Gene Ontology enrichment analysis for core protein targets. A Gene Ontology enrichment analysis was conducted on 55 key protein targets, categorized into three domains: biological processes (top), cellular components (middle), and molecular functions (bottom). The x-axis displays the adjusted p-value, representing the significance of the associations, while the bubble size indicates the odds ratio. The bubble color reveals the combined score, which indicates the statistical significance of each term. This visualization emphasizes the most significantly enriched terms within each category.

Figure 4

Active compounds of Ephedrae herba and their association with MDD. (A) The table lists five active compounds—ephedrine [17], pseudoephedrine, epicatechin [18], tetramethylpyrazine [19], and tyrosine—along with each compound’s correlation score and protein overlap p-value in relation to MDD. (B) The network diagram illustrates how these compounds (blue diamond nodes, left) connect to their target proteins and the relevant biological processes (gray and purple, center), ultimately linking to the MDD node (red hexagon, right).
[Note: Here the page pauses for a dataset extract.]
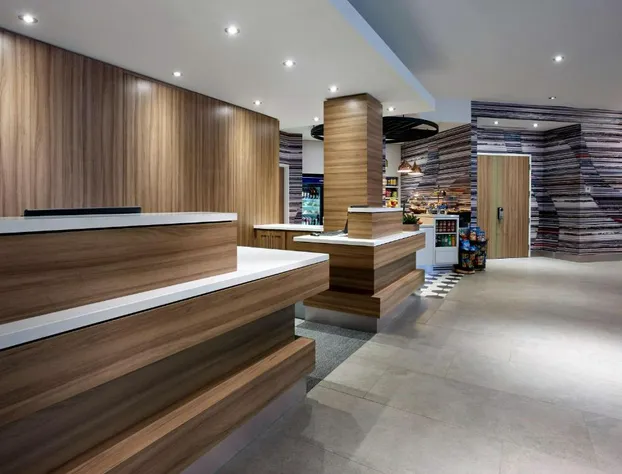 Hilton Garden Inn Toronto Airport hotel detail image 2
Edges represent interactions or functional relationships, highlighting potential mechanisms through which Ephedrae herba may modulate MDD pathophysiology.

Figure 5

Active compounds of Glehniae radix and their association with MDD. (A) The table lists four active compounds—psoralen [20], xanthotoxin [21], isoimperatorin [22], and falcarindiol—along with each compound’s correlation score and protein overlap p-value in relation to MDD. (B) The network diagram reveals how these compounds (blue diamond nodes, left) connect to their target proteins and the relevant biological processes (gray and purple, center), ultimately linking to the MDD node (red hexagon, right). Edges represent interactions or functional relationships, highlighting potential mechanisms through which Glehniae radix may modulate MDD pathophysiology.

Figure 6

Active compounds of Euryales semen and their association with MDD. (A) The table lists three active compounds—xanthine [23], adenine, and thymidine—along with each compound’s correlation score and protein overlap p-value in relation to MDD. (B) The network diagram reveals how these compounds (blue diamond nodes, left) connect to their target proteins and the relevant biological processes (gray and purple, center), ultimately linking to the MDD node (red hexagon, right). Edges represent interactions or functional relationships, highlighting potential mechanisms through which Euryales Semen may modulate MDD pathophysiology.

Figure 7

Active compounds of Campsitis flos and their association with MDD. (A) The table lists four active compounds—oleanolic acid [24], maslinic acid, corosolic acid, and ursolic acid [25]—along with each compound’s correlation score and protein overlap p-value in relation to MDD. (B) The network diagram reveals how these compounds (blue diamond nodes, left) connect to their target proteins and the relevant biological processes (gray and purple, center), ultimately linking to the MDD node (red hexagon, right). Edges represent interactions or functional relationships, highlighting potential mechanisms through which Campsitis flos may modulate MDD pathophysiology.

Figure 8

Transcriptomic profile and GO enrichment of oleanolic acid-related genes. (A) Volcano plot illustrating log2 (fold-change) in gene expression between upregulated (red) and downregulated (blue) transcripts following treatment with oleanolic acid. The y-axis represents −log10(adjusted p-value), highlighting the most statistically significant differentially expressed genes (DEGs). (B) Gene Ontology (GO) enrichment analysis of the DEGs, grouped by domain: biological processes (red), cellular components (green), and molecular functions (blue).